GIVEN RECORDS Start Marker

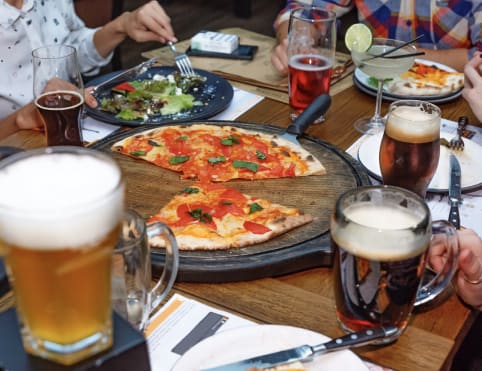 Online Ordering and Kiosks for Pizza Restaurants with Gift and CRM for Oracle Simphony POS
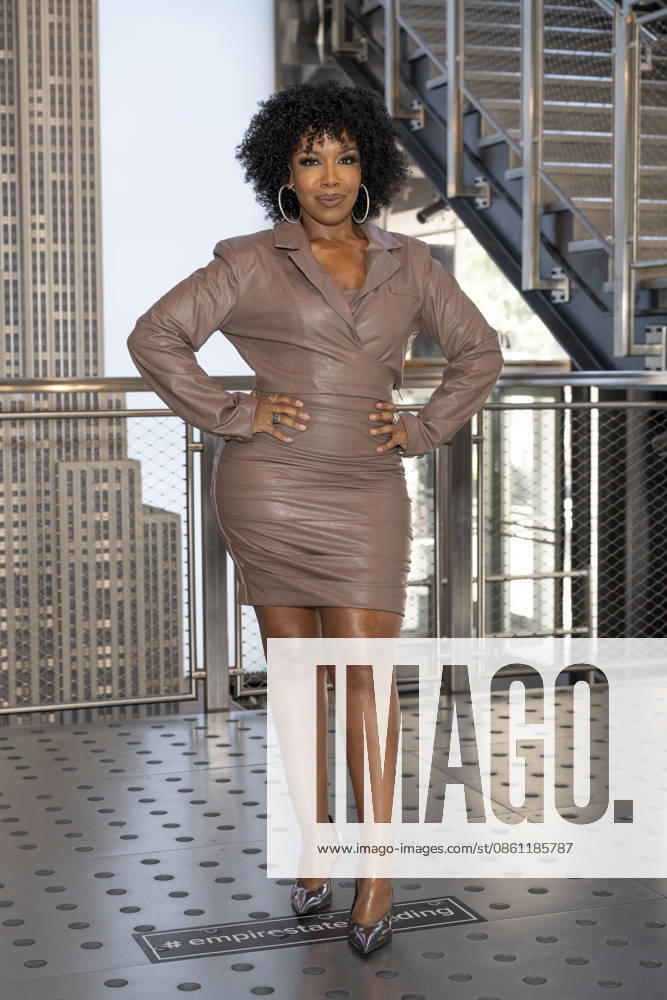 JESSICA FRANCES DUKES visits the Empire State Building in New York to celebrate the Premiere of The Westies on MGM. 8 July 2026 New York USA - ZUMAa265 20260708_zep_a265_059
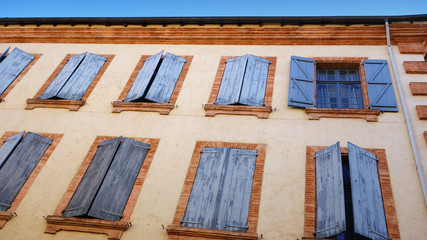 Obraz premium Volets bleu en bois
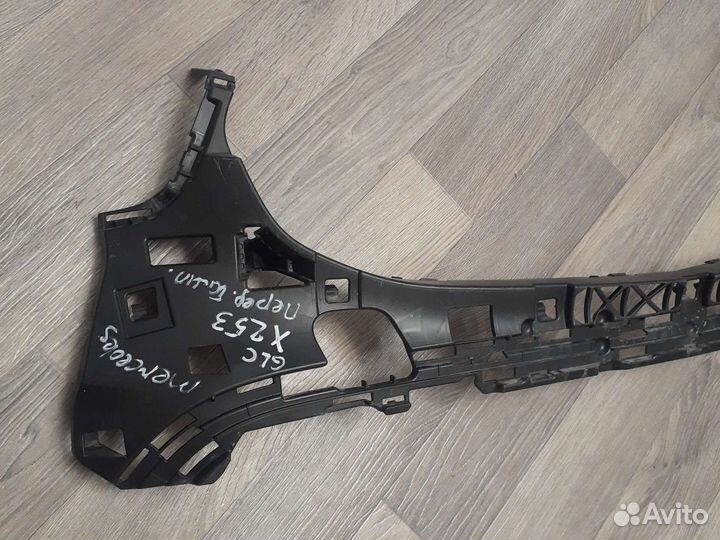 Кронштейн переднего бампера Mercedes GLC X253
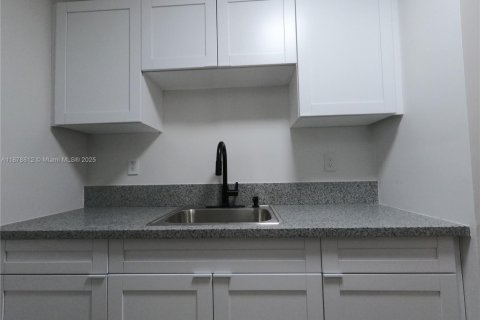 Casa en alquiler en Homestead, Florida, 3 dormitorios, 121.79 m2 № 1928794 - foto 16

GIVEN RECORDS End Marker

— WORK TASK —
Please write out all the data again word for word, but not the pictures.

— TASK RESULT —
 Online Ordering and Kiosks for Pizza Restaurants with Gift and CRM for Oracle Simphony POS
 JESSICA FRANCES DUKES visits the Empire State Building in New York to celebrate the Premiere of The Westies on MGM. 8 July 2026 New York USA - ZUMAa265 20260708_zep_a265_059
 Obraz premium Volets bleu en bois
 Кронштейн переднего бампера Mercedes GLC X253
 Casa en alquiler en Homestead, Florida, 3 dormitorios, 121.79 m2 № 1928794 - foto 16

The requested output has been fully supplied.